ここはスペイン、オリーブ農園に、樹齢2000年の巨大なオリーブの木がある。ローマ時代まで遡った頃から
この木は、大切の守られて来たが、アルマの父親が、売ってしまって今はもうない。
オリーブ油が、よく売れた頃は良かったが、まがい物の油が出回り、純粋な油は高額な為誰も買わなくなっていた。
アルマの爺さんは無口で、ボケている。というのも、大切なオリーブの木がなくなってしまったからである。おじいさんは歳をとりもう長くはないと言う時期になった。このおじいさんに孫のアルマはなんとしてもあのオリーブの木をもう一度取り戻して持って帰ると言うことを決心したのであった。

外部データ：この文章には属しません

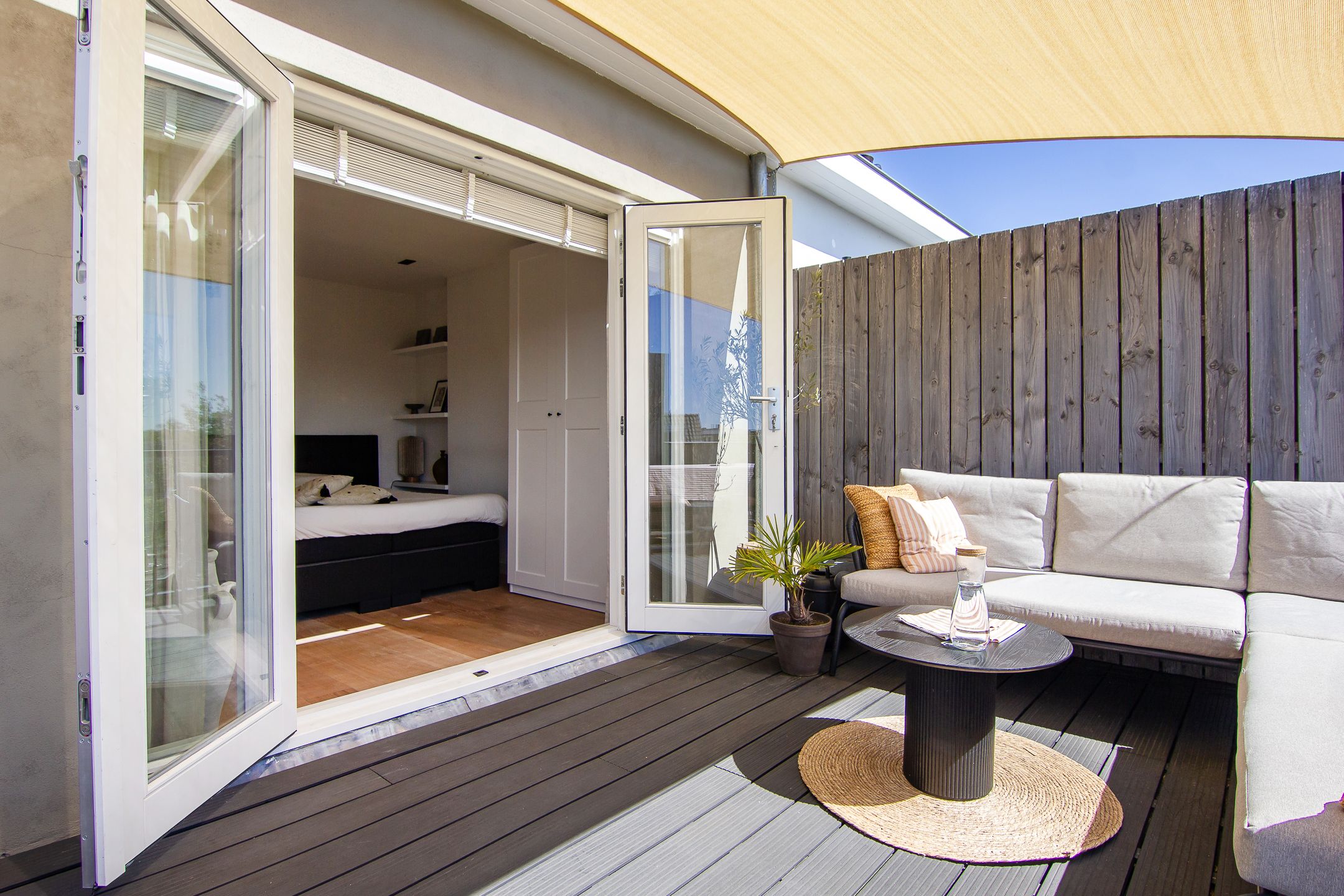 Charming Renovated 1930s City Apartment with Sunny South-Facing Terrace — 42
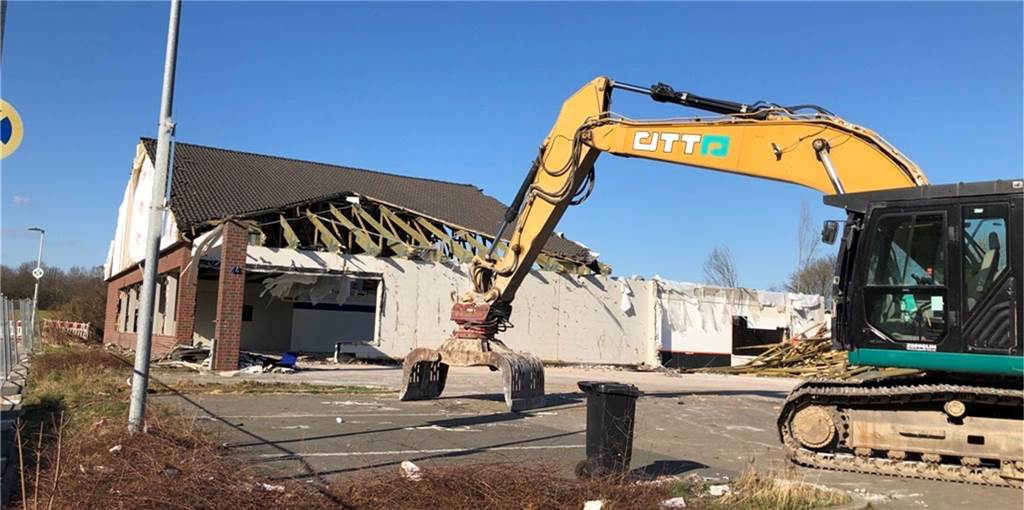 Neue Discounter-Filiale in Scharnhorst: Aldi gibt Eröffnungszeitraum bekannt Ein trostloses Bild: Das ehemalige Gebäude des Centershops in Scharnhorst wird abgerissen. Auf dem Gelände entsteht eine moderne Aldi-Filiale.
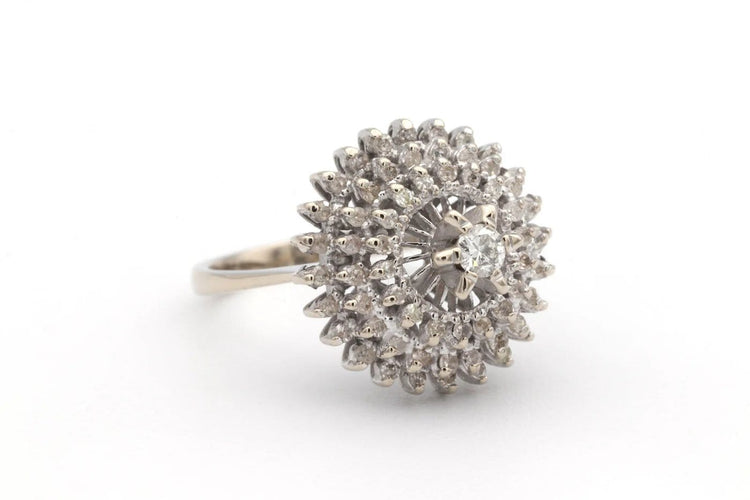 Bague 53 Bague années 70 en or blanc 18 carats et diamants 58 Facettes 22906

この映画は時間があって暇なときにゆっくりと見ると都合が良い。慌ただしい時に見ても意味がないのである。
トラックというか長いトレーラーを頼んで、スペインからドイツまでを走って行った。木を買った会社はそのオリーブの木を玄関の大きなホールに植え替えていた。この器は2000年と言う月日を経たもので価値があったのだった。しかし会社はどうしてもどうしても木を返そうとはしなかった。アルマたちは木を返してもらえるまでそこに居座ることにした。
そのうちにSNSでこの話が拡散し自然保護団体とかいろいろな団体が視察にやってきて最後にはちょっと大きなデモのようなものになり、この会社の周りをわっしょいわっしょい行って歩き出したのだった。
アルマはおじいさんの目が黒いうちにもう一度この木がが農園に植るのを見せてやりたかったのだ。
しかしおじいさんはこの戦いの最中にとうとうなくなってしまった。
悲しむアルマはやむなくこの木の枝を折ると、それを接木苗としてスペイン に持ち帰ったのであった。
そして家族全員でその器を農園の場所に植えてやった。
ただそれだけの話であるのだが、大切なものを守ろうとする人たちの生き様や熱意がしみじみと心に広がってゆくそういう話であった。
オリーブというのはやはり神秘の木であろう。